According to Robertson, the in-person voting for the town election will include as many health precautions as possible.
“Election workers will have masks provided to them, and we will practice social distancing,” Robertson said, mentioning state law prevents the town from requiring voters to practice these safety measures.
An upcoming event resulting from the COVID-19 pandemic-related cancelation of the town’s annual Fourth of July Parade and Picnic will feature the Shepherdstown Volunteer Fire Department. On July 4, 10-12 department employees will parade down from Church Street to Princess Street, in a silent tribute to those who have sacrificed their lives for American independence.
“The idea behind it is that we have a tradition that takes place on the Fourth of July, where we walk down German Street carrying our banner. We know that the parade is not going to take place, but we thought we could still honor Independence Day by walking down German Street with the American flag and our apparatus,” said EMS Chief Marshall DeMeritt, referring to one of the department’s fire trucks. “This seems to be one of those small things that people really depend upon seeing every year.”
According to DeMeritt, all procession members will wear masks and practice social distancing with passersby. The department will do its best to make sure this event has no effect on the spread of the COVID-19 pandemic, and hopes the event will help local residents celebrate their nation’s birthday, McDermitt said.
“The Shepherdstown Fire Department will be presenting the colors in front of Town Hall on the Fourth of July. There will be no cookouts afterwards, it will just be a presentation of the flag,” DeMeritt said.
Permission to block off German Street for the event was passed by the Town Council, with Councilman David Springer in opposition, due to pandemic-related concerns.
Auxer announced that the town had won a $500,000 Program Award for the Shepherdstown Path through the West Virginia Department of Transportation Alternative Transportation Grant.
“We want to talk about the $500,000 award that we got for Shepherdstown’s path!” Auxer said.
“Matt Mullenax and I sat down back in the fall of 2019, and we filled another transportation grant out for the path,” Robertson said, mentioning that construction cost increases had prevented the path from being completed. “We were just shy of it–this will be made. It’s almost complete, but they’re moving the Department of Highways’ time, which means it will be a couple of months. I just want to say a special ‘thank you’ to Matt Mullenax and Region 9 for making this possible!”

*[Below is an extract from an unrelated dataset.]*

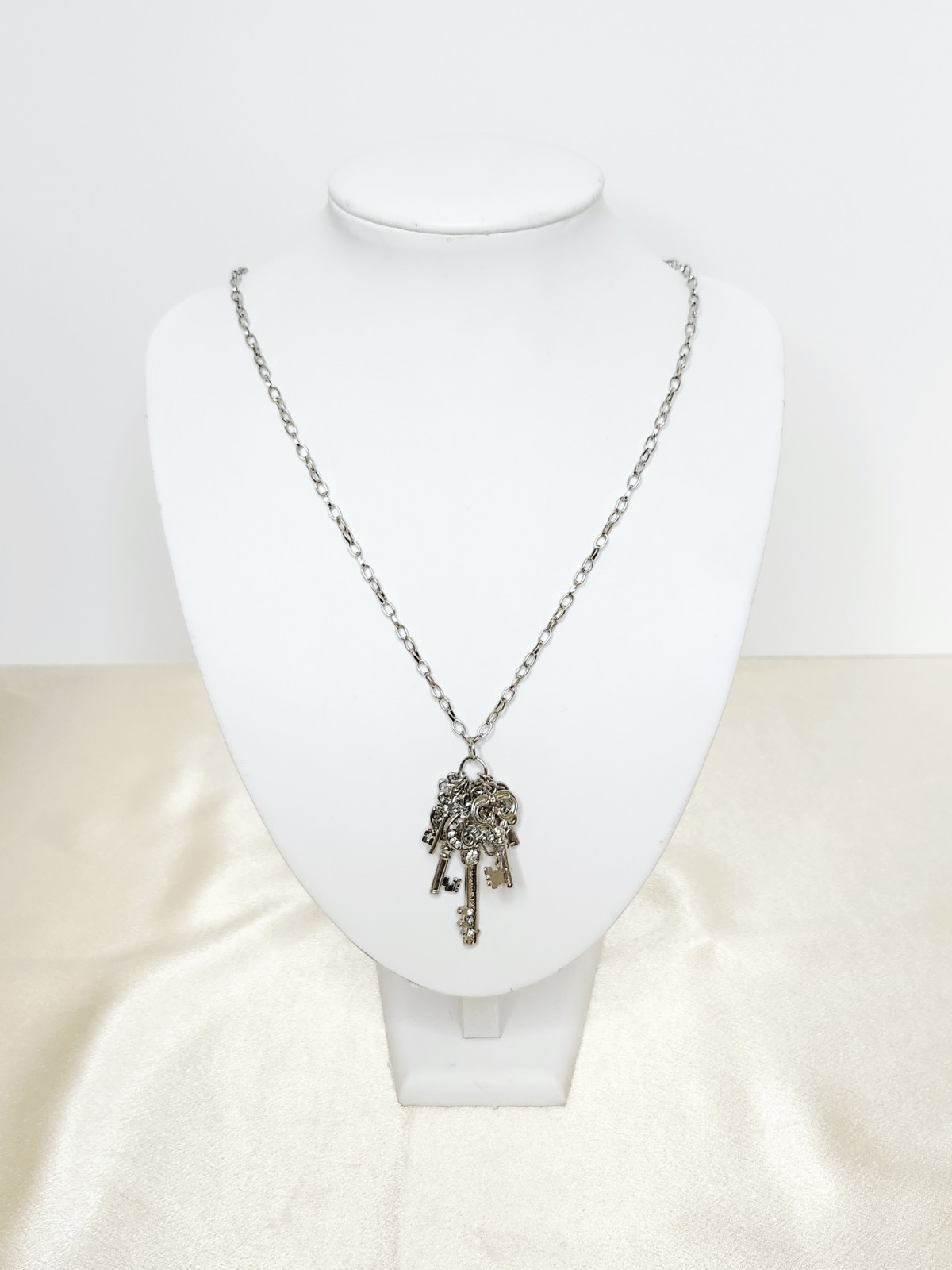Vintage Silver Tone Multi Key Charm Chain Necklace – 24″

The Town Council announced that local restaurants have begun applying to the Alcohol Beverages Control Commission for permission to expand their seating onto the sidewalk in front of their business locations, which may require the closure of nearby parking spots, to make the move practical for diners and passersby. The Recycling Task Force’s Sustainable Shepherdstown Act, which businesses were to begin following this July, currently has a delayed start date of Sept. 1, due to the COVID-19 pandemic.